Perché ha deciso di scrivere proprio dell’assedio di Gaeta?
“Perché, nell’imminenza delle celebrazioni per i 150 anni di unità d’Italia, Gaeta resta la vicenda simbolica più significativa nei mesi che portarono all’unificazione. Più dell’assai citata e raccontata epopea garibaldina. Si fronteggiarono due eserciti regolari, quello del nord piemontese, e quello del sud napoletano. Fu una pagina in cui si vide il meglio e il peggio delle nostre caratteristiche nazionali”.
 
In che senso?
“Ci furono tradimenti, sotterfugi, ma anche eroismi, scelte di fedeltà alla propria nazione fatte dai napoletani nonostante la loro fosse ormai una resistenza senza speranze. E poi, alcune cose incredibil,i scoperte in documenti inediti custoditi dall’ufficio storico dell’esercito”.
 
Di che si tratta?
“Nelle carte del ministero della Guerra e negli scritti del generale Cialdini, comandante piemontese all’assedio, emerge che il bombardamento scientifico contro obiettivi anche civili fu teorizzato per provare l’efficacia dei potenti cannoni a lunga gittata. Era un’arma tremenda che fu sperimentata per la prima volta a Gaeta contro i soldati napoletani e i civili”.
 
Ci furono vittime tra i civili?
“Diverse centinaia, nonostante a parole quella fosse una guerra, mai dichiarata, dell’esercito piemontese sceso al sud per liberare gli italiani da oppressori stranieri. Gaeta fu rasa al suolo, distrutta. Tanti civili morirono sotto le bombe. I danni furono ingenti: un’economia distrutta, una città snaturata mai risarcita dai vincitori. E poi si verificò un paradosso”.
 
Quale?
“L’assedio costò all’esercito piemontese 25 milioni di lire. Quei soldi furono poi inseriti tra i debiti del bilancio italiano, che all’alba dell’unità ammontavano già a 500 milioni. Morale della favola: gli abitanti di Gaeta, diventati cittadini italiani, pagarono le tasse per risanare debiti contratti anche per le bombe lanciate contro di loro”.
 
Un Risorgimento inedito nelle sue pagine?

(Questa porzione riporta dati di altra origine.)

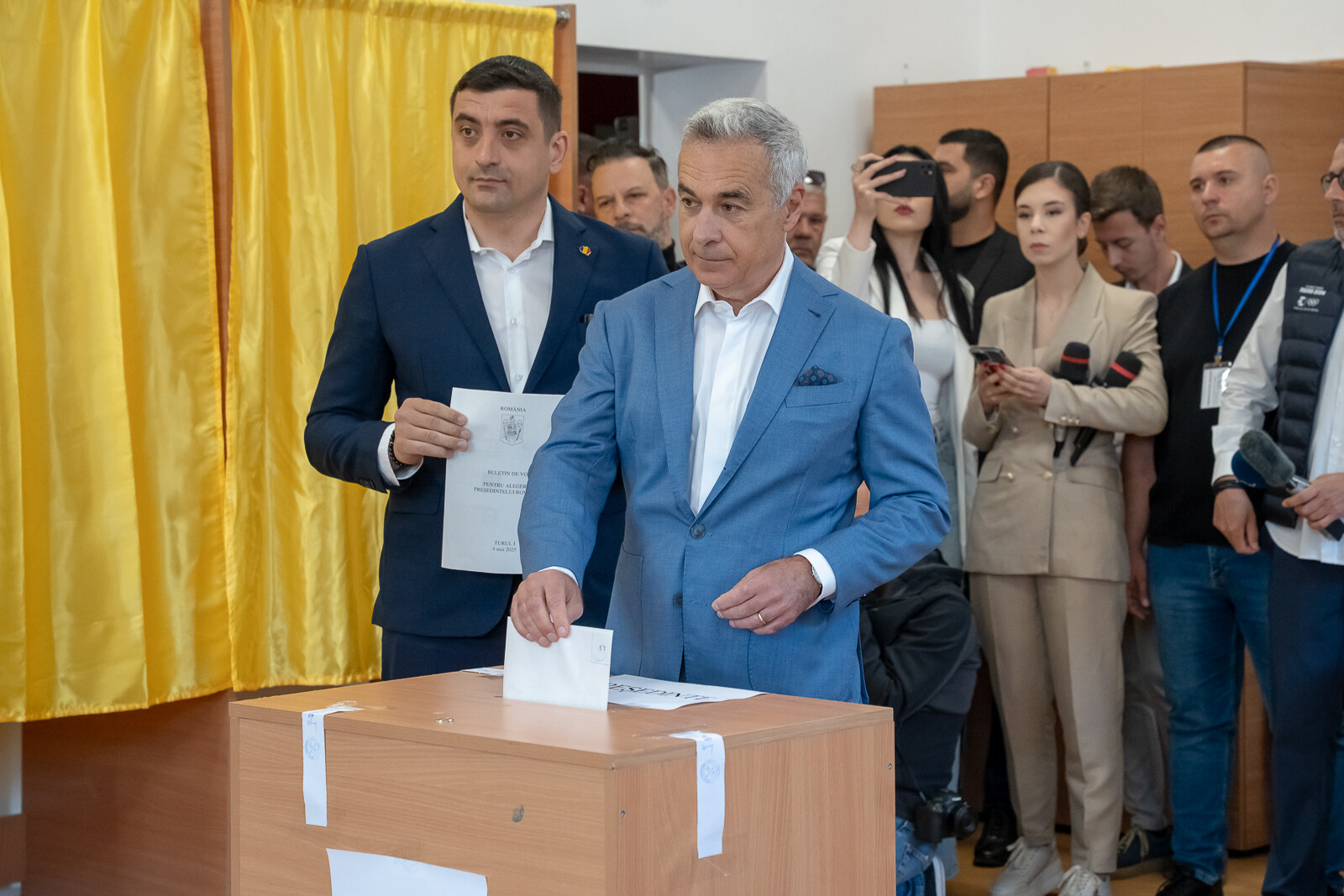 George Simion and Calin Georgescu side by side on the day of the first round of Romania's 2025 presidential rerun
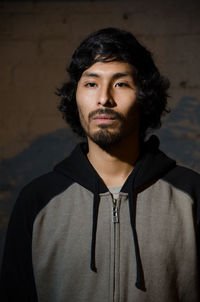 Portrait of young man standing outdoors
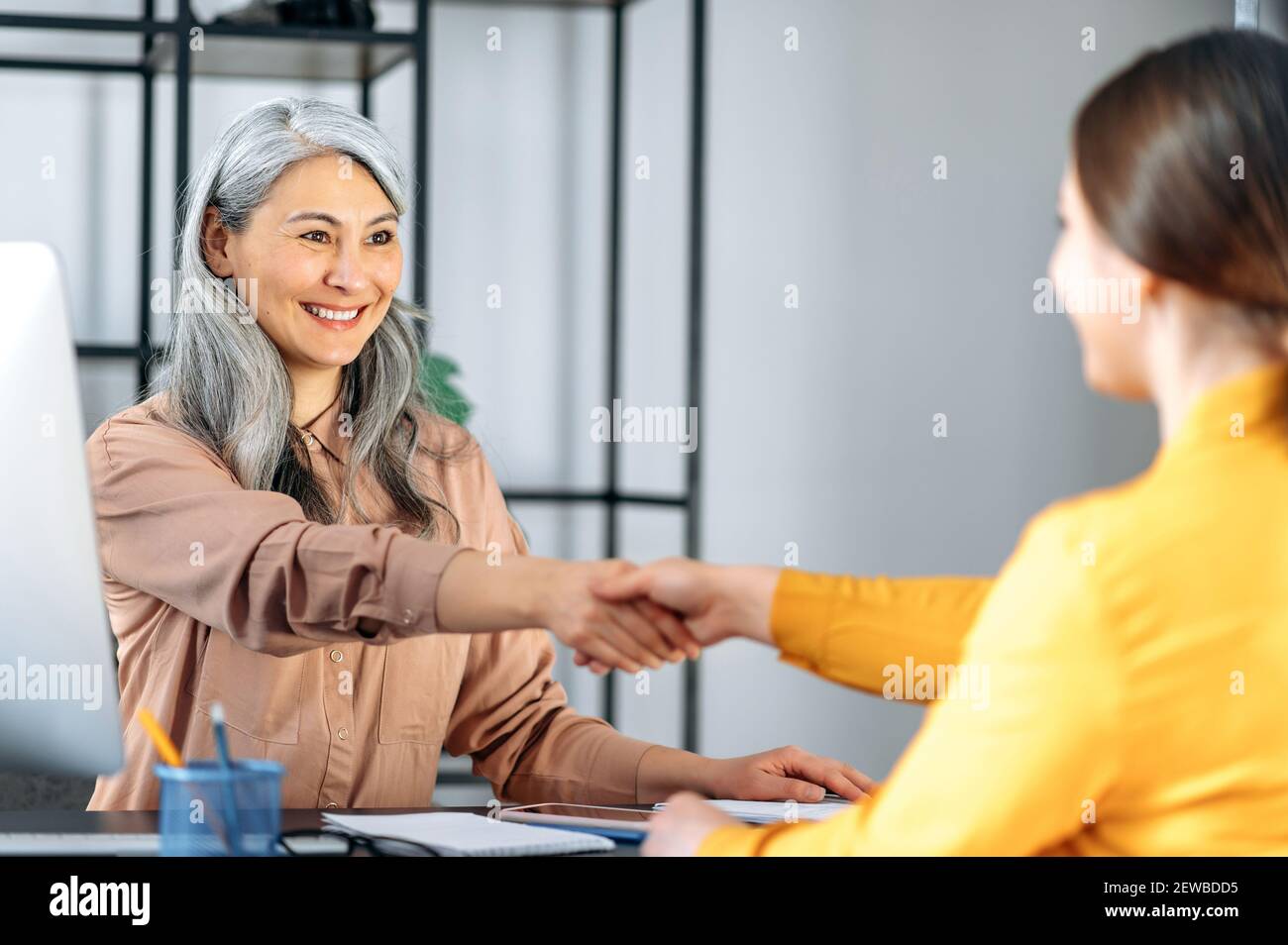 Eine asiatische reife grauhaarige freundliche Geschäftsfrau, schüttelt die Hände mit Frau Arbeitssuchende. Erfolgreiche Dame mittleren Alters macht Deal mit weiblichen Geschäftspartner Stockfoto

“Sì, come racconto da anni nei miei libri. Una storia poco scolastica e celebrativa, ma rigorosamente documentata su un’unità nata male. Le mie ricerche sull’eccidio di Pontelandolfo dell’agosto 1861 sono ormai citate da tanti autori, in quella cittadina in provincia di Benevento all’inizio dello scorso agosto ho ricevuto il premio Landolfo d’oro per i documenti scovati su quella triste pagina unitaria”.
 
Che scelta stilistica ha adottato?
“Come sempre, ho tentato di coniugare uno stile narrativo, con il rigore di documenti. Ci sono note, bibliografie, appendici documentarie, ma il racconto non è pedante, né accademico. Una scelta mista, per poter risultare godibile alla lettura senza dimenticare il rigore e la credibilità che possono dare le fonti citate”.
 
Dove presenterà il libro?
“Ho in calendario una serie di appuntamenti. Il primo sarà alla Fnac di Napoli. Poi, il 6 novembre, sarò a Gaeta su invito dell’amministrazione comunale”.